Note. While we primarily considered two types of experiments in the paper, the log-adaptive step-size is now also included in the FrankWolfe.jl Julia package and has been tested on a wide variety of problems.

Constrained Regression

We tested a constrained regression problem on the Boston-housing dataset, confining the regression coefficients to $L_p$-balls with $p=2$ and $p=5$. We considered the cases where the unconstrained optimum is inside (here we do not expect accelerated convergence) and outside the feasible $\ell_p$-ball (here we expect accelerated convergence). The objective is of the form:

\[\min_{x \in\RR^n, \|x\|_p \leq \beta} \frac{1}{2}\|A x - y\|_2^2.\]

The results are depicted below.

Figure 1: Frank-Wolfe gap for constrained regression, unconstrained optimum inside the feasible region. (L: $L_2$-ball, R: $L_5$-ball)

Figure 2: Frank-Wolfe gap for constrained regression, unconstrained optimum outside the feasible region. (L: $L_2$-ball, R: $L_5$-ball)

Collaborative Filtering

Our second test is collaborative filtering, with the objective

\[\min_{X\in\RR^{m\times n}, \|X\|_{\text{nuc}}\leq \beta} \frac{1}{|\mathcal I|} \sum_{(i,j)\in\mathcal I} H(A_{i,j} - X_{i,j}),\]

using a Huber loss $H$ over the MovieLens 100k dataset, with nuclear norm ball radii $\beta=1000$ and $\beta=3000$. We expect higher convergence rates when the radius is reasonably small.

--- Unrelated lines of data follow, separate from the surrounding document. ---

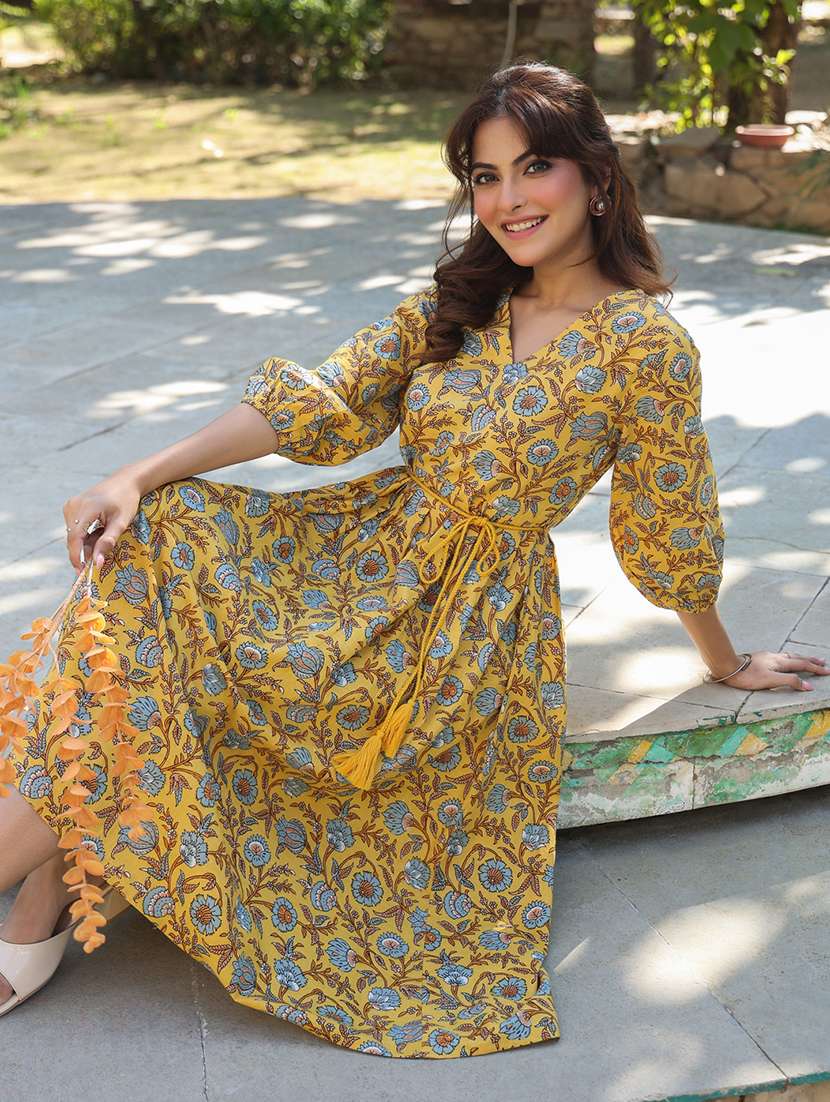 women floral printed fit & flared dress - 21926845 -  Standard Image - 6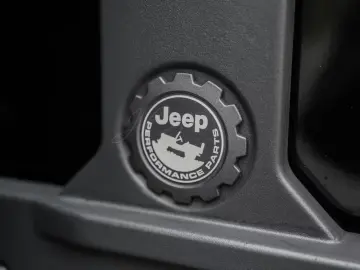 Jeep 2026 4-Door Rubicon X 3.6L V6   RECON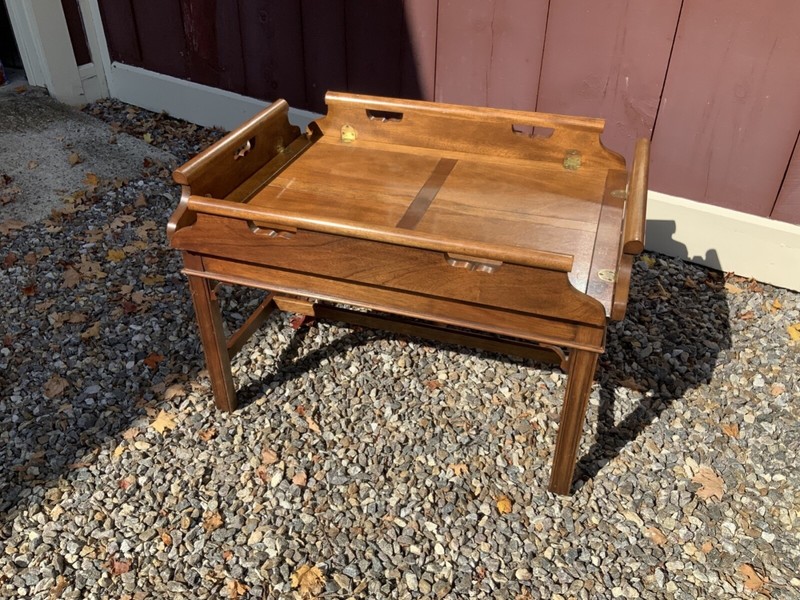 Vintage Baker English Style Mahogany Butler’s Tray Coffee Table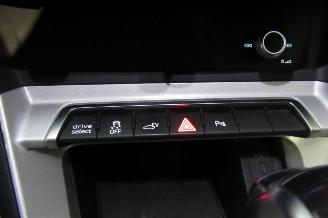 Audi Q3 SUV picture 30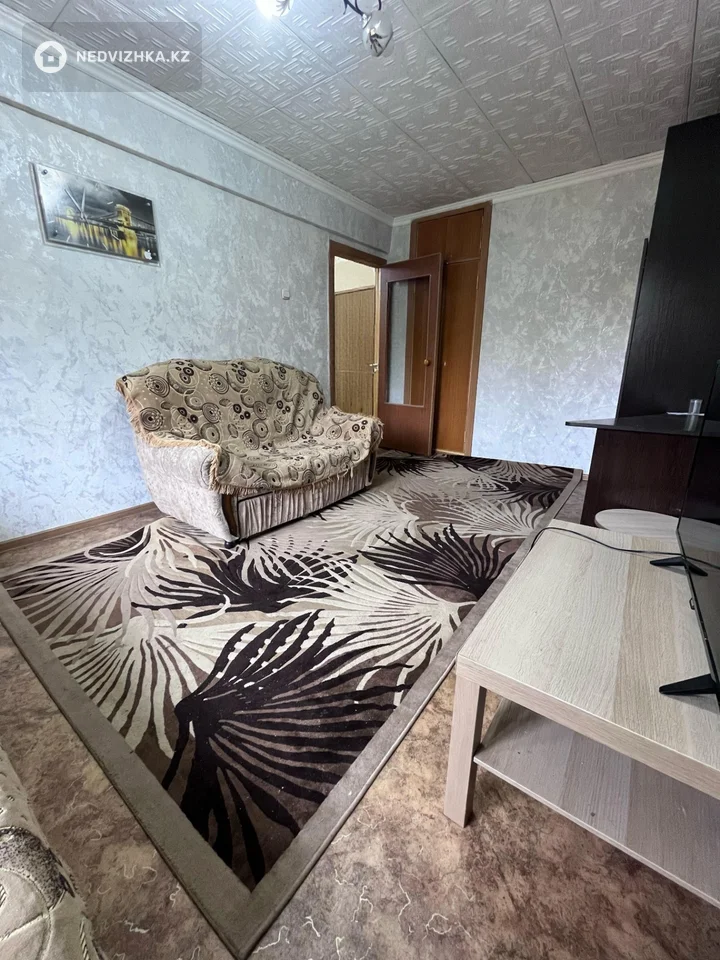 1-комнатная квартира, этаж 2 из 5, 30 м², фотография 3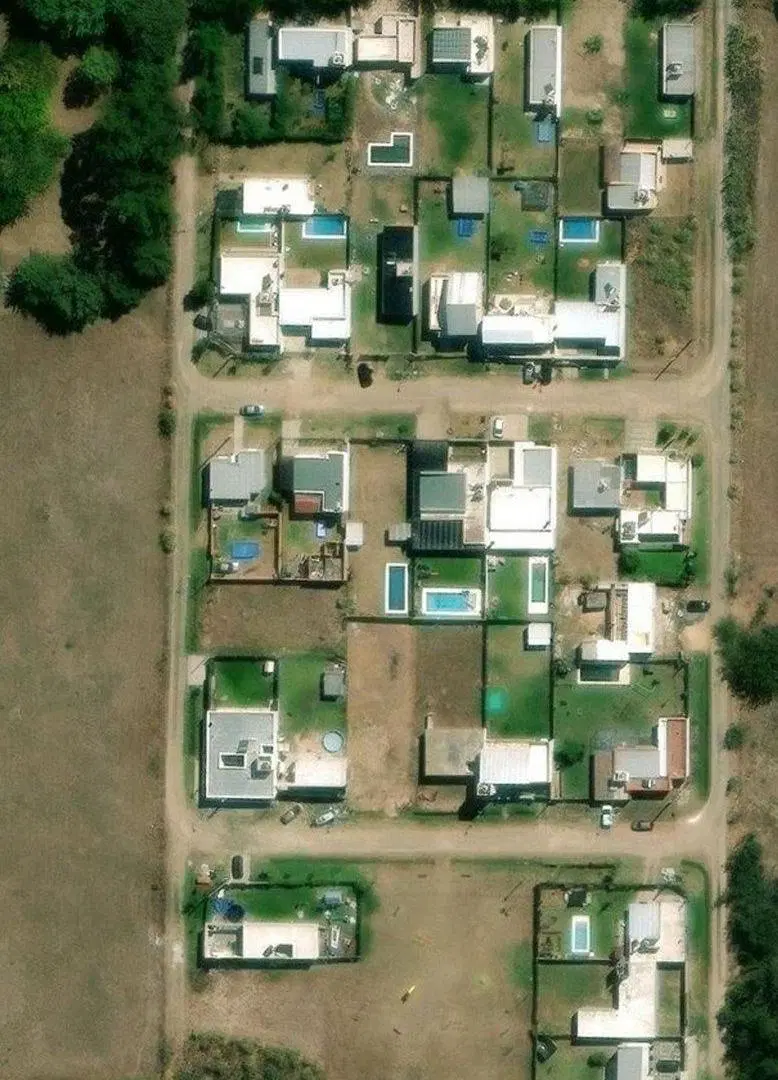 LOTE DE 12X32 EN LOS PORTEÑOS ESCRITURADO 2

Figure 3: Frank-Wolfe gap for collaborative filtering. (L: radius 1000, R: radius 3000)

As can be seen from the plots, across these tests, the log-adaptive step-size ($g(t)=2+\log(t+1)$) consistently performed on par with or better than the fixed step-sizes ($g(t)=2$ and $g(t)=4$). In scenarios aligning with (strong) growth (like the regression problem where the unconstrained optimum lies outside the feasible region, or collaborative filtering with a smaller radius), it often showed notably faster convergence for the primal-dual gap, the primal (suboptimality) gap, and the Frank-Wolfe gap, in line with the predictions from theory.

Wrap-up

The log-adaptive open-loop step-size $\eta_t = \frac{2 + \log(t+1)}{t+2 + \log(t+1)}$ offers a compelling alternative to traditional fixed-$\ell$ step-sizes for the Frank-Wolfe algorithm. It is simple (in fact, trivial) to implement, requires no prior problem knowledge for parameter tuning, and demonstrates robust, often superior, performance both theoretically and empirically. To foster adaptation and community feedback, we have also incorporated these adaptive open-loop step-sizes into the FrankWolfe.jl package.

References

[WKP2023] Wirth, E., Kerdreux, T., & Pokutta, S. (2023). Acceleration of Frank-Wolfe algorithms with open loop step-sizes. Proceedings of AISTATS. arXiv:2205.12838, Poster

[P2024] Pokutta, S. (2024). The Frank-Wolfe algorithm: a short introduction. Jahresbericht der Deutschen Mathematiker-Vereinigung, 126, 3–35. arXiv:2311.05313, Published version

[WPP2024] Wirth, E., Peña, J., & Pokutta, S. (2024). Accelerated Affine-Invariant Convergence Rates of the Frank-Wolfe Algorithm with Open-Loop Step-Sizes. to appear in Mathematical Programming A. arXiv:2310.04096, Published version

[WPP2025A] Wirth, E., Peña, J., & Pokutta, S. (2025). Adaptive Open-Loop Step-Sizes for Accelerated Convergence Rates of the Frank-Wolfe Algorithm. preprint. arXiv:2505.09886

[WPP2025B] Wirth, E., Peña, J., & Pokutta, S. (2025). Fast Convergence of Frank-Wolfe algorithms on polytopes. to appear in Mathematics of Operations Research. arXiv:2406.18789

Growth Setting	Fixed \(\eta_t = \frac{\ell}{t+\ell}\)	Log-Adaptive \(\eta_t = \frac{2+\log(t+1)}{t+2+\log(t+1)}\)
Strong \((M, 1)\)	\(\mathcal{O}(t^{-\ell})\)	\(\tilde{\mathcal{O}}(t^{-k})\) for any \(k \in \mathbb{N}\)
Strong \((M, r)\)	\(\mathcal{O}(t^{-\ell+\epsilon}+t^{-\frac{1}{1-r}})\)	\(\tilde{\mathcal{O}}(t^{-\frac{1}{1-r}})\)
Weak \((M, r)\)	\(\mathcal{O}(t^{-\ell+\epsilon}+t^{-\frac{1}{1-r}} +t^{-2})\)	\(\tilde{\mathcal{O}}(t^{-\frac{1}{1-r}}+t^{-2})\)